L'art. 2392 c.c. prevede alcuni (ovvi) temperamenti quali diretta conseguenza del fatto che la responsabilità degli amministratori non è oggettiva ma deriva da colpa. Ed, infatti, non è responsabile (solidalmente) l'amministratore che, essendo venuto a conoscenza di fatti pregiudizievoli, abbia fatto tutto quanto poteva per impedirne il compimento o eliminarne o attenuarne le conseguenze dannose (art. 2392, comma 2, c.c.); parimenti, la responsabilità non si estende all'amministratore che, essendo immune da colpa (non si tratta di una tautologia), abbia fatto annotare senza ritardo il suo dissenso nel libro delle adunanze e delle deliberazioni del consiglio di amministrazione, dandone immediata notizia per scritto al presidente del collegio sindacale (art. 2392, ultimo comma, c.c.).

L'art. 1176, comma 2, c.c. e il ruolo del parametro della diligenza e della perizia

L'adempimento è regolato dall'art. 1176 c.c. con riferimento alle obbligazioni in generale: da contratto (ed è il caso in esame), da fatto illecito o da qualsiasi altro fatto o atto idoneo a produrle.

In evidenza: criteri per valutare l'esattezza della prestazione (Galgano, Trattato di diritto civile, Padova, 2015, II, 37 e ss.)

le modalità dell'esecuzione

il tempo dell'esecuzione

il luogo dell'esecuzione

la persona che esegue la prestazione

la persona destinataria della prestazione

l'identità della prestazione

Il debitore, secondo l'art. 1176, comma 1, c.c., deve adempiere le obbligazioni usando la diligenza del buon padre di famiglia, vale a dire, secondo un parametro universalmente accettato, la diligenza dell'uomo medio. Non si richiede una diligenza eccezionale ma quella che è solitamente prestata nell'assolvimento delle normali attività della vita e degli impegni: dunque, secondo l'id quod plerumque accidit.

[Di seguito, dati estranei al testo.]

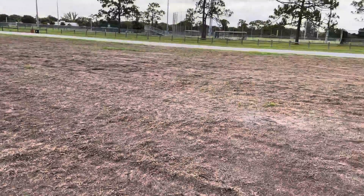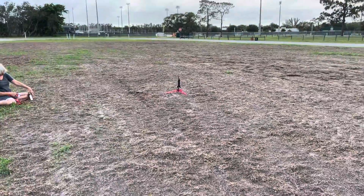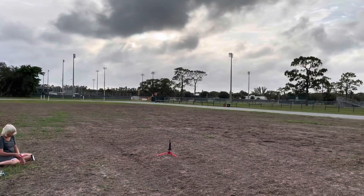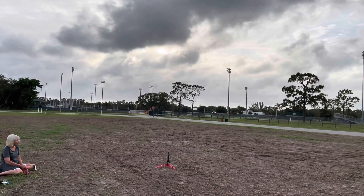Okay guys, this is the Crew One mission launch. Here we go! Ten, nine, eight, seven, six, five, four, three, two, one.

La riforma del diritto societario, modificando, nello specifico, l'art. 2392 c.c., ha stabilito che gli amministratori devono adempiere i doveri ad essi imposti dalla legge e dallo statuto con la diligenza richiesta dalla natura dell'incarico e dalle loro specifiche competenze, venendo così meno ogni riferimento alla figura del mandatario e con essa la diligenza del buon padre di famiglia, dovendo, pertanto, applicarsi il secondo comma dell'art. 1176 c.c. che prevede, invece, una diligenza professionale. Le obbligazioni degli amministratori continuano ad essere considerate obbligazioni di mezzi e non di risultato, con la precisazione che tali obbligazioni devono essere adempiute con la diligenza esigibile da parte di chi ha assunto il compito di gestire un'impresa. Tuttavia, ciò non significa che gli amministratori debbano necessariamente essere periti in contabilità, in materia finanziaria, e in ogni settore della gestione e dell'amministrazione dell'impresa sociale, ma significa che le loro scelte devono essere informate e meditate, basate sulle rispettive conoscenze e frutto di un rischio calcolato, e non di irresponsabile o negligente improvvisazione (Relazione alla riforma del diritto societario, § 6, III, 4).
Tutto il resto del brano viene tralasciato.